**Work to be completed:**
Return only the lines of the listing below that run from the line with "IMD weather update: Heavy" through the line with "New 2026 Hyundai", both ends included, exactly as written.

**Given entries:**
------------------------------------
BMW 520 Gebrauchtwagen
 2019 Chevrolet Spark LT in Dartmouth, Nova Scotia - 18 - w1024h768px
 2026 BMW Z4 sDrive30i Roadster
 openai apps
------------------------------------
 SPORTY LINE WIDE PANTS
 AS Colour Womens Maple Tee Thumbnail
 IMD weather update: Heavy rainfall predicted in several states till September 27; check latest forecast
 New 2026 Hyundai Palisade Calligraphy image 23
------------------------------------
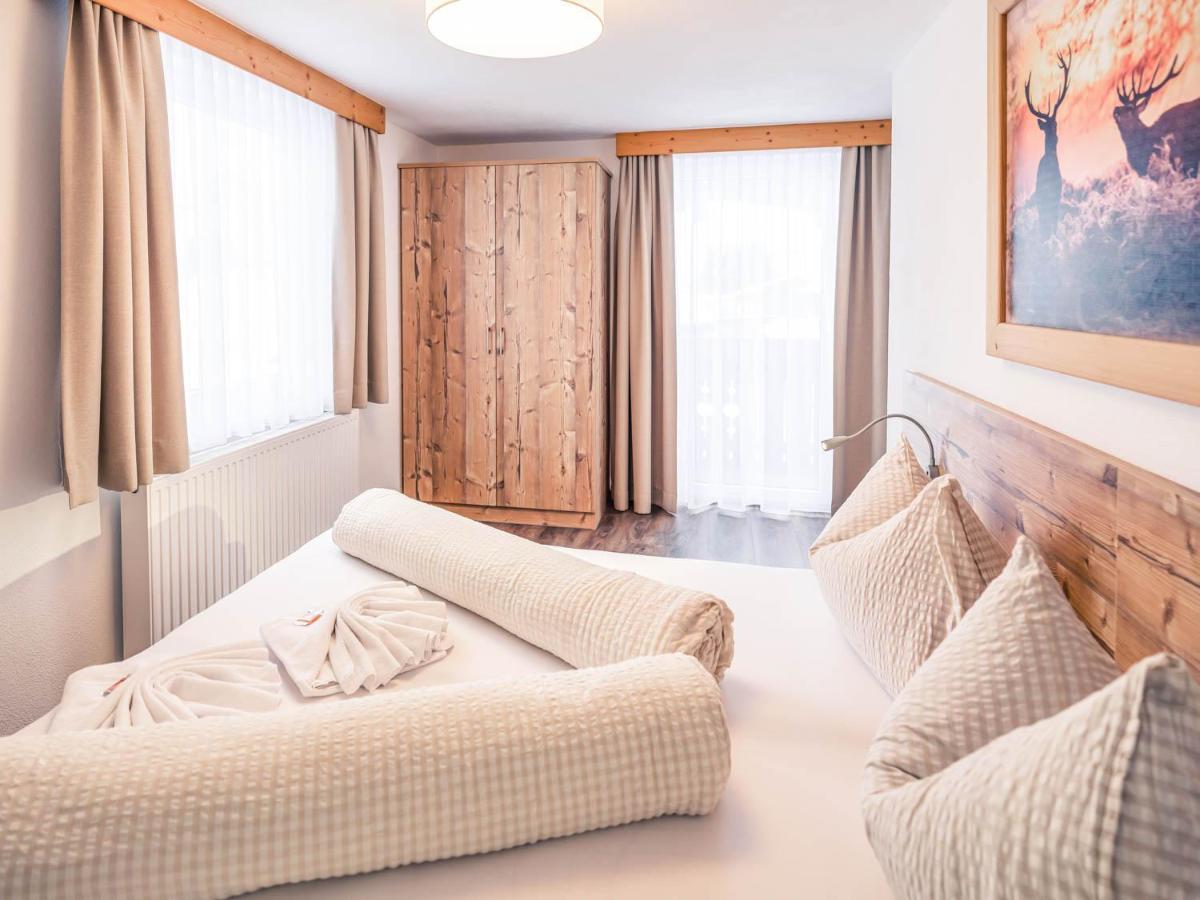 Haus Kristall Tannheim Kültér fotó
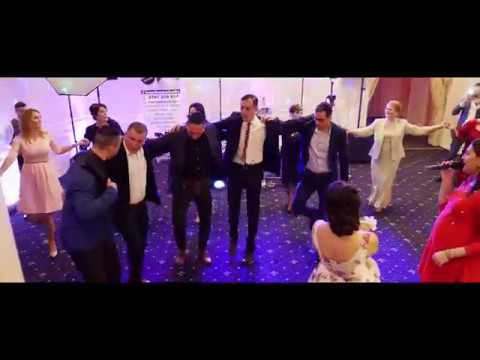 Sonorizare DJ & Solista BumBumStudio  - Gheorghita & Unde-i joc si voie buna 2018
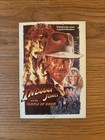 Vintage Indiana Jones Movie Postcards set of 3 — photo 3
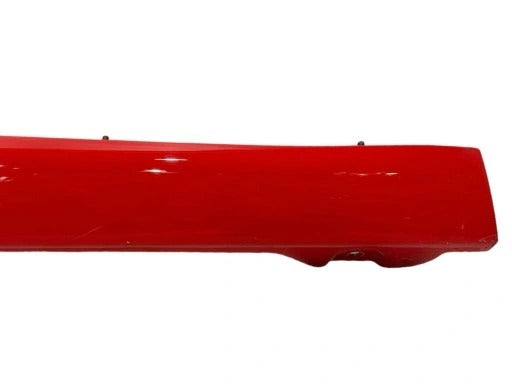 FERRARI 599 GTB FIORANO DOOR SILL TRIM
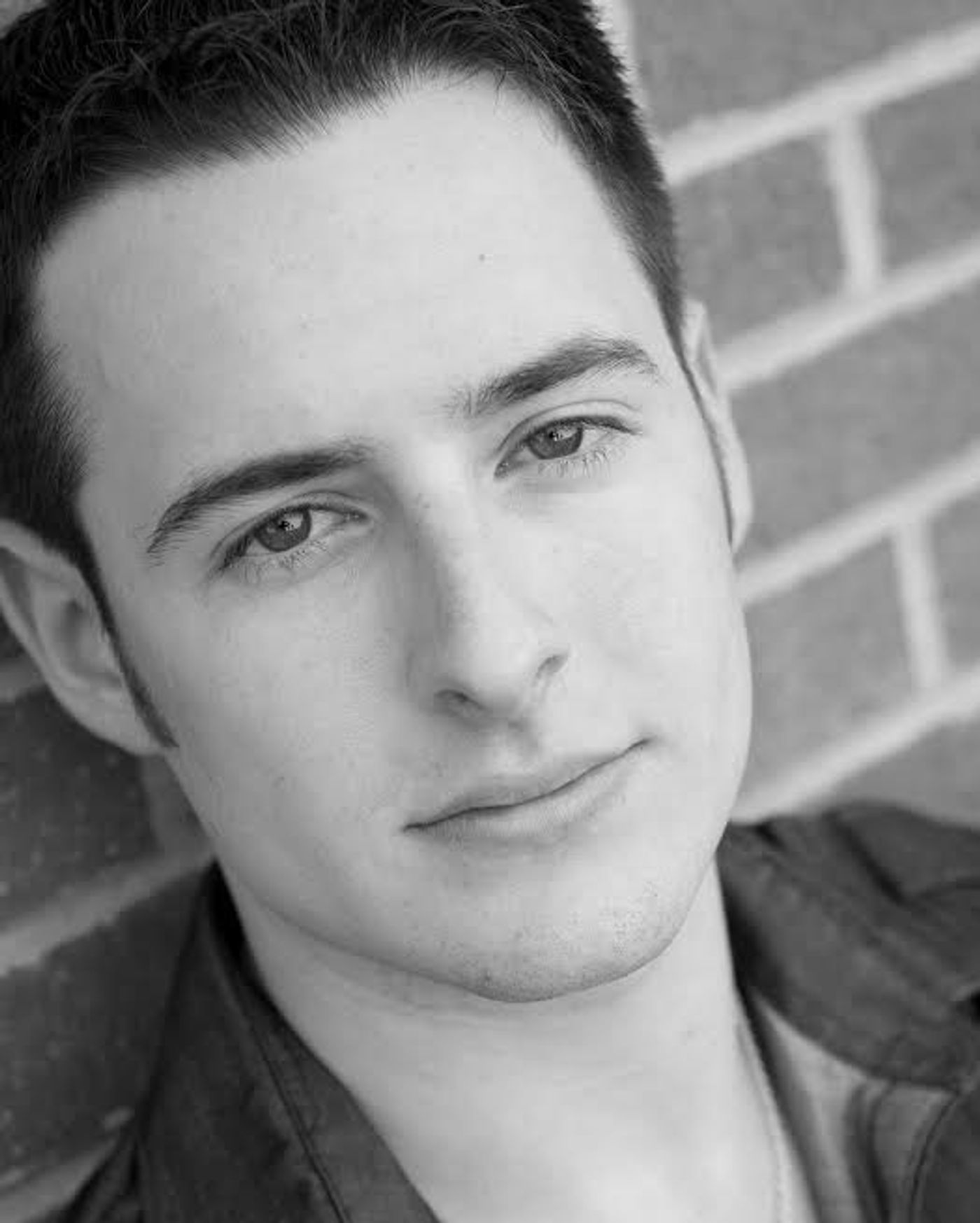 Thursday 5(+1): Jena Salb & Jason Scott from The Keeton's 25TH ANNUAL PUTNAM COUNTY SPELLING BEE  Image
------------------------------------
**Your response:**
 IMD weather update: Heavy rainfall predicted in several states till September 27; check latest forecast
 New 2026 Hyundai Palisade Calligraphy image 23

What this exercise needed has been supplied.